Well when you write the songs, the melodies and words, it was kind of funny to have someone else doing that for me. And that’s why to me it was a dreadful album, because we were doing cover version of The Animals songs etc., and a couple of other things that were covers that I didn’t like.

Alcatrazz

I thought ‘Undercover’ good showed potential?

I didn’t like the album, although I liked the song called ‘Ohayo Tokyo’, but Danny Johnson wrote a lot of the songs, and to me it was too poppy for the name of the album, and we never ever played it live simply because we didn’t like it.

Did you pick the tracks on the re-issued ‘Best Of Alcatrazz’ album?

No that was a record company thing, they wanted to do that.

Let’s go back to the beginning of your career. When did you first realise you had a big voice?

I don’t know……probably when I was 7,  when I used to walk round the house singing opera songs. My mum used to laugh when I started singing Mario Lanza songs and I sung whoever was on the radio back in the 50’s – or people who had those belting voices that I heard on the radio at the time – it kind of developed from there.

I didn’t realise that my voice was big though, until I sang in a class of 32 people. I then realised I was singing harmony while the choir all sang a particular song at Christmas. The teacher asked; ‘who’se singing the harmony? Is that you Bonnet? It’s not bad!’ I said, ‘Ok, what’s wrong?’. ‘Well you are singing that bit wrong in that verse, but you’re very loud aren’t you?’ (laughs)

Given your current ‘Catch The Rainbow’ tour, you’ve almost come full circle in the terms of the triumph of voice over image. A lot of people couldn’t get over your image at the time, but you have remained consistent with it and you are still out there doing it which is fantastic?

Yeah well a lot of people still can’t get over it now ha ha.
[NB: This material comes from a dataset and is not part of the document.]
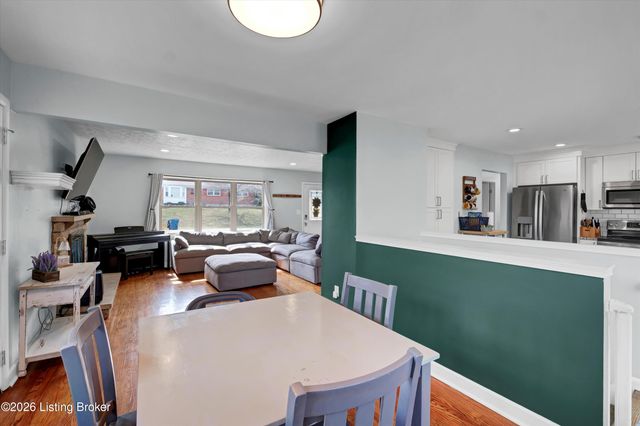 5917 Bay Pine Dr, Louisville, KY 40219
Yeah I never wanted to be uniform like a lot of the metal guys did at the time with big hair and spandex.  To me it just seemed funny and so I was very anti that. I wasn’t going to change just because I was singing in a hard rock band.

Well yes it was a funny era?

I didn’t want to change just because I was in a band that played hard rock. I could never understand what your clothing or your haircut has got to do with music, you know?

Alcatrazz

MTV was important to your career wasn’t it?

Yes it was a time when you got everything played on TV from MSG to Rainbow and eventually Alcatrazz. MTV was very important in getting Alcratrazz on the road at the time.

Did you always want to go back to your solo career in between the big bands you played with?

Well the music in my solo career was the kind of music I always wanted to do. It was a mix of music rather than just all one thing. But I loved to be part of a band. Sometimes it can be scary being out there on your own as a solo artist, and I love having other people around me and working with great musicians, and it’s starting again now as a solo artist.

What about the future?

Well Alcatrazz has now gone, there is no Alcatrazz anymore.  I’ve completely left that, and I’m on to something new. It’s going to be an acoustic thing, with our own material. I mean its not like Peter, Paul & Mary, but it features an acoustic bass guitar, me playing acoustic and another guitarist.

We’re putting it together now and I think you should hear about some of it soon. It will be sweet and nice and some of it will have a rock edge, and eventually we’ll have a show that is half acoustic and half electric, like a lot of people are doing now. It’s Interesting thing to have that kind of a dynamic shift during the course of the set.